Hmmm... jux taking a break from studying.. tml is s.s n emaths p1.. Wa... 4 hrs interval between them.. Don't u think it's stupid..SO, i have to sleep early tonight.. CUz by the time ard afternoon, i'll fall asleep! HOHO........ still rmbered dat day azizul woke me up as i fell asleep in the library.. ROAR.... But he meant well with his wise advices.. It's no use studying so hard when u can't concentrate on the actual exam...
OK....... Yesterday went sakae sushi again... Spent 49 dollars plus..? ROar..... the membership card application is such a bother.. The condition is to spend $300 in 2 mths.. WAAAa.. How is dat possible?
ANyway... made alot of promises...... Have to go out with friends all dat after o.. I think after all, my savings will be gone soon... Shopping, chalets, outings, oversea trips... -.-'''
NOt to say, mum's out.. n she think i fully prepared for my examz.. YA.. i did.. but maybe i will get memory lost....... SO, i shall revise n recap again...

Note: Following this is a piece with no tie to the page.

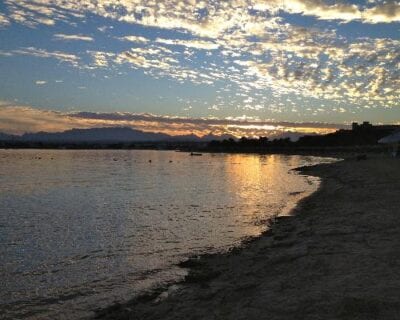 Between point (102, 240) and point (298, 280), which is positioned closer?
point (298, 280)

After o, i must lose weight.. HAHAaa............
I read someone's blog.. Quite surprised with what she said.. I can't imagine it.. Why my friends always treat me like dat.. Appear nice infront of me, helping me........ BUt actually in their heart, they don't really mean it? And i didn't ask for ur help in the first place.. As if i can't achieve that myself, RAaaAawK........... everything is jus an act... SUddenly, i feel this world is so unloving n cold.... WHy don't god just take everything altogether at the same time...? why did everything came in one after another.......
I cannot n dun want to trust anyone anymore........ EVerything freaked me out... I can't withstand it.... THE CRUELTY OF LIFE!